ACTIVITY: Please give back the listing exactly, without any of its pictures.

PROVIDED MATERIAL:
******************************
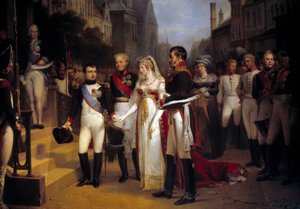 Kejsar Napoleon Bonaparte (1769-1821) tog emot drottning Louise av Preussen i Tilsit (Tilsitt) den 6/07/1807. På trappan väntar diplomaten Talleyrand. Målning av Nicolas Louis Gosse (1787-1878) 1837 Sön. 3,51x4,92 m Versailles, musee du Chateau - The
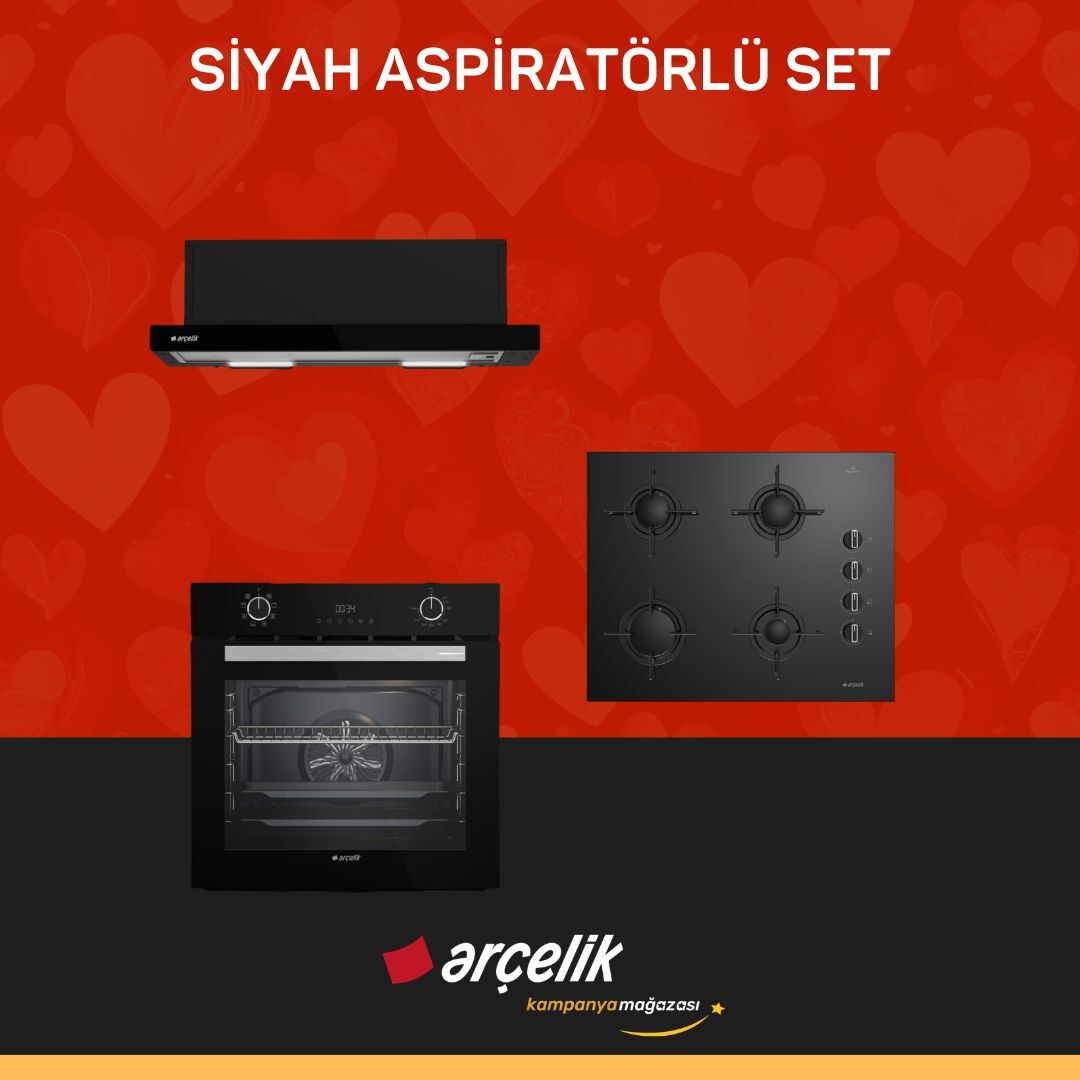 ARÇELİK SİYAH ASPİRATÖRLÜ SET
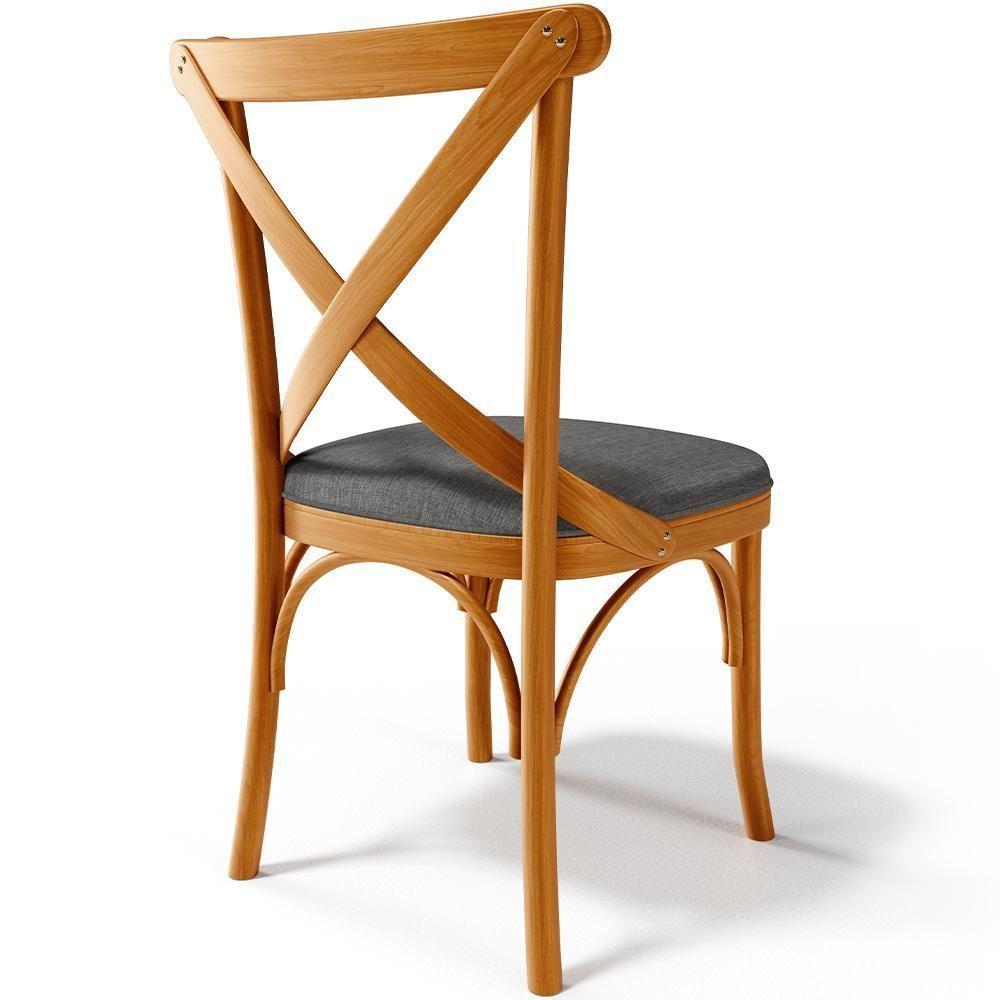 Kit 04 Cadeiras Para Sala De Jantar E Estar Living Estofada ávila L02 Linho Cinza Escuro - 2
******************************
RESULT:
 Kejsar Napoleon Bonaparte (1769-1821) tog emot drottning Louise av Preussen i Tilsit (Tilsitt) den 6/07/1807. På trappan väntar diplomaten Talleyrand. Målning av Nicolas Louis Gosse (1787-1878) 1837 Sön. 3,51x4,92 m Versailles, musee du Chateau - The
 ARÇELİK SİYAH ASPİRATÖRLÜ SET
 Kit 04 Cadeiras Para Sala De Jantar E Estar Living Estofada ávila L02 Linho Cinza Escuro - 2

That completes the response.